The modest frame houses that Frank Gohlke has photographed in rural Texas have the same look about them. In one of the pictures, the front porch and even the windows have been completely covered with lattice work. These windows have the look of dead eyes, a look already familiar to us from the windows of skyscrapers in the color photographs Harry Callahan has taken with a telephoto lens. Like the lattice work over the windows in Gohlke’s picture, the grid of plate glass encased in concrete in Callahan’s might make us feel we are looking through the bars of a mental institution. In another Gohlke picture, the dead bush and tiger lilies in the front yard and tufts of grass breaking up the walk remind us of Eggleston’s more tropical South. The screen has come off one window and another looks as if it may have been boarded up. Does anybody still live here or in the tightly shuttered house in the next picture? We can’t tell. There are only two Gohlke pictures that have no sign of man at all.
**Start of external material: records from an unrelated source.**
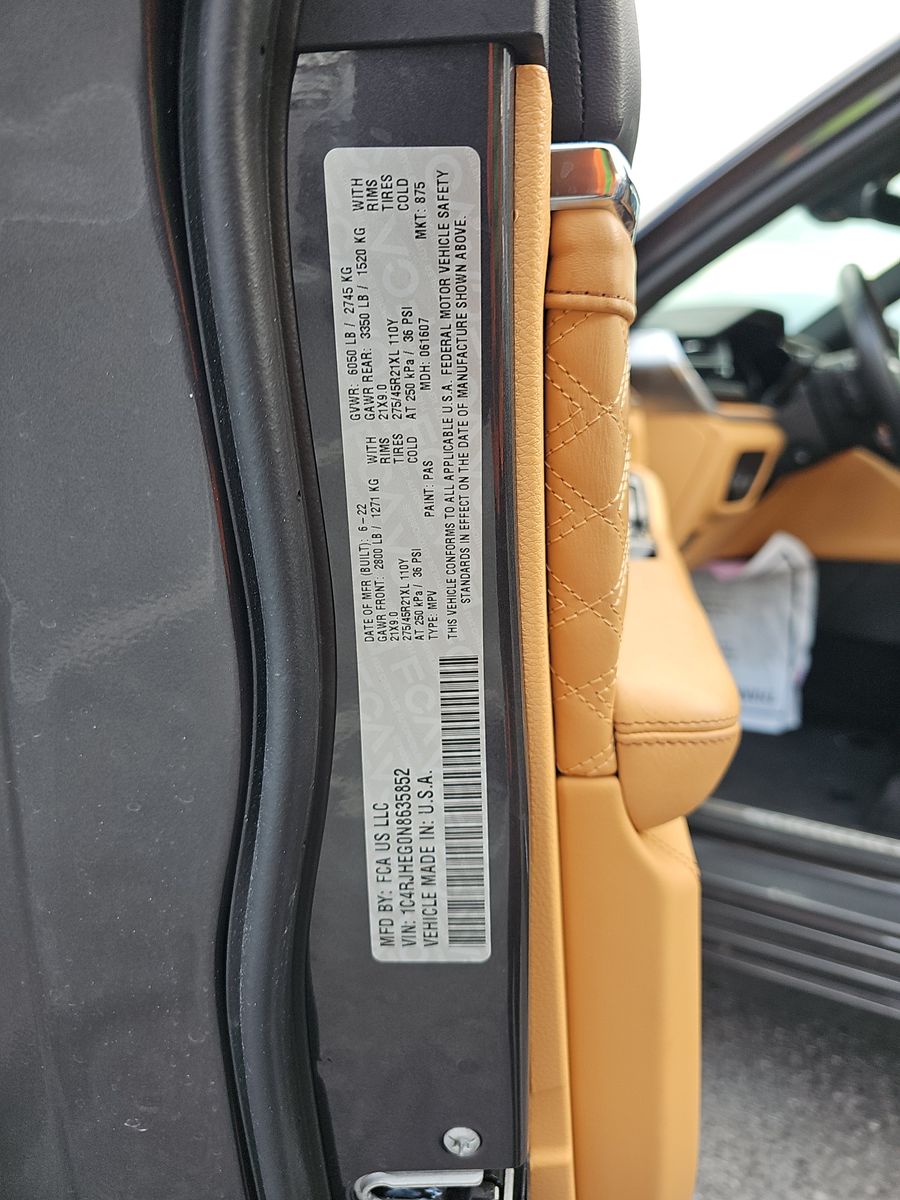 2022 Jeep Grand Cherokee Summit Reserve AWD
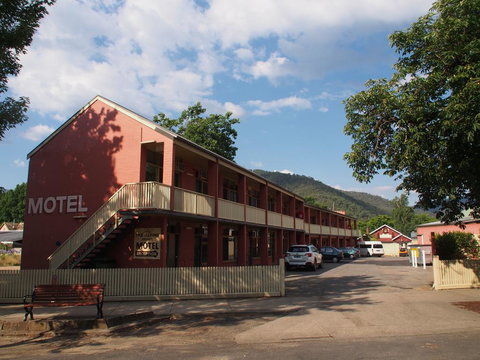 Alpine Hotel Bright - Hervey Bay Accommodation 0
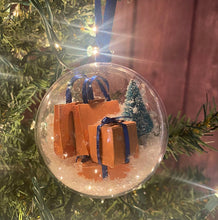 Laden Sie das Bild in den Galerie-Viewer, Christbaumschmuck transparente Kugel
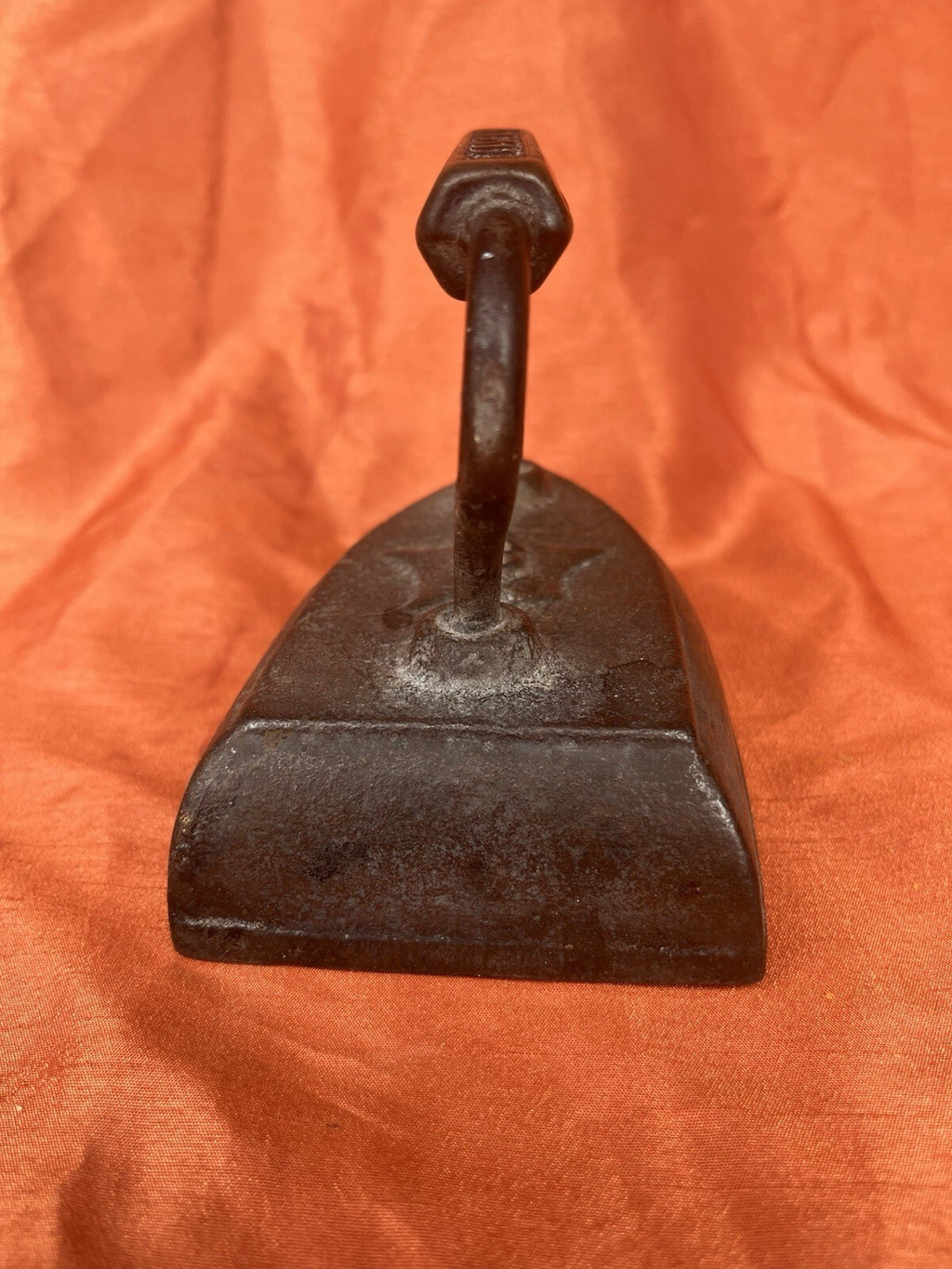 Vintage Cast Iron - GENEVA, ILL.  Star No. 8- Iron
One is of “Flood debris caught in a tree near Comfort, Texas.” The other is of “Marsh fire, Bolivar Peninsula, Texas.” As the flood waters recede in the one picture and the fire advances toward us in the next, we can see that Gohlke, like almost all the makers of these American Images," still believes implicitly in the covenant God made with Noah thousands of years ago:
And God gave unto Noah the rainbow sign.